Scranton’s pension systems could run out of money in less than 5 years. That looming insolvency is forcing the city to consider halting pension raises coming this year for retired police officers and firefighters.
From the Times-Tribune:
Arguing that the pension funds are not financially sound, Scranton continues to evaluate legal options to halt raises that are due retired police officers and firefighters, including possibly seeking an injunction, city solicitor Jason Shrive said Wednesday.
Mr. Shrive said no court action has been taken yet, but it remains a possibility if the fire and police pension boards go through with a plan to pay retirees half of the 1.75 percent salary increase that active police officers and firefighters will receive in January.
The raises go into effect today, but there is still time to challenge the payments because checks to retirees, who are paid semimonthly, won’t be issued until Jan. 15 and Jan. 28.

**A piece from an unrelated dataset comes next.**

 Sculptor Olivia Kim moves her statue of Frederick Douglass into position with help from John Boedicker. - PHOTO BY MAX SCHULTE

Mr. Shrive wrote to the police and fire pension boards in November, advising them that the city maintains that no raises can be paid to retirees based on a section of the city code that says increases in pensions “shall not be granted” unless the pension funds are actuarially sound. Mr. Shrive cited a report prepared in October by the plans’ actuary, who determined both plans are unsound.

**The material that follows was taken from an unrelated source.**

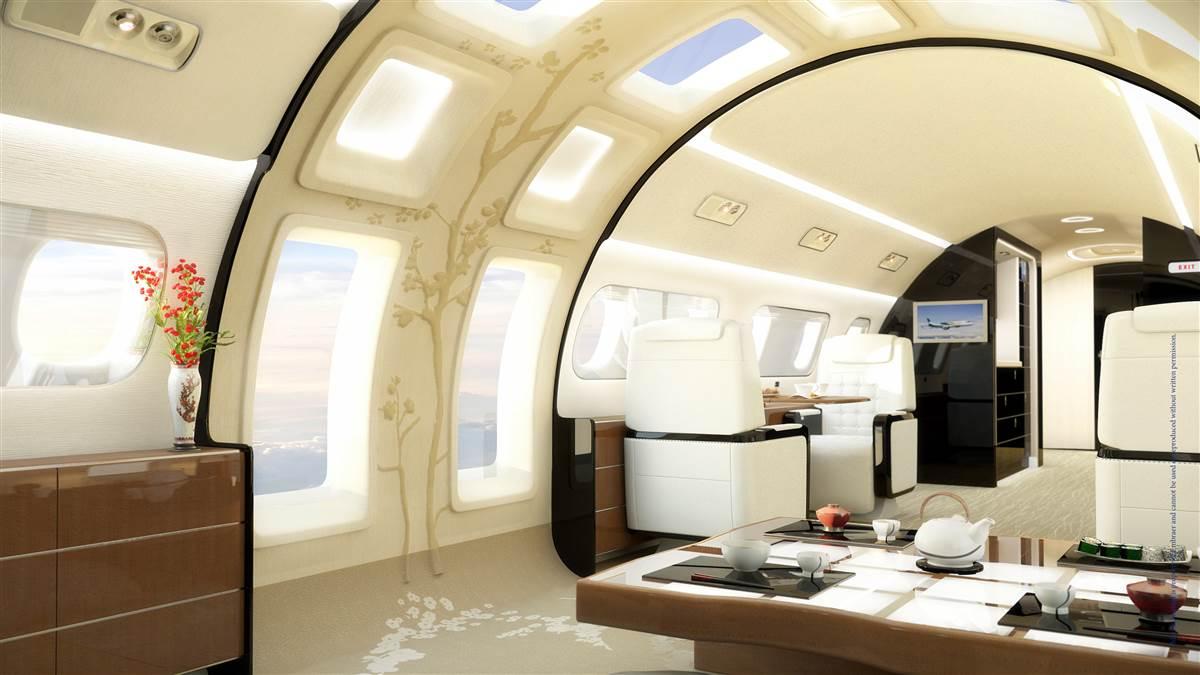 Embraer’s Kyoto concept interior was created with Asian clientele in mind. Passengers sit on the floor around the dining table, while taking in an airy ambiance. Expansive cabin windows make use of a cutting-edge technology: a hybrid metal called transparent aluminum. The view outside wouldn’t be crystal clear, but the scenery would be discernable.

“The city is still hopeful the various pension boards and the pension plan administrator will think better of the decision to pay the increases, in light of the plans’ funding,” he said. “If the boards and investment administrator still intend to make the increases … our legal options could be to seek injunctive relief against the issuance of those raises.”
Scranton’s police and fire pension funds have a combined deficit of $141 million.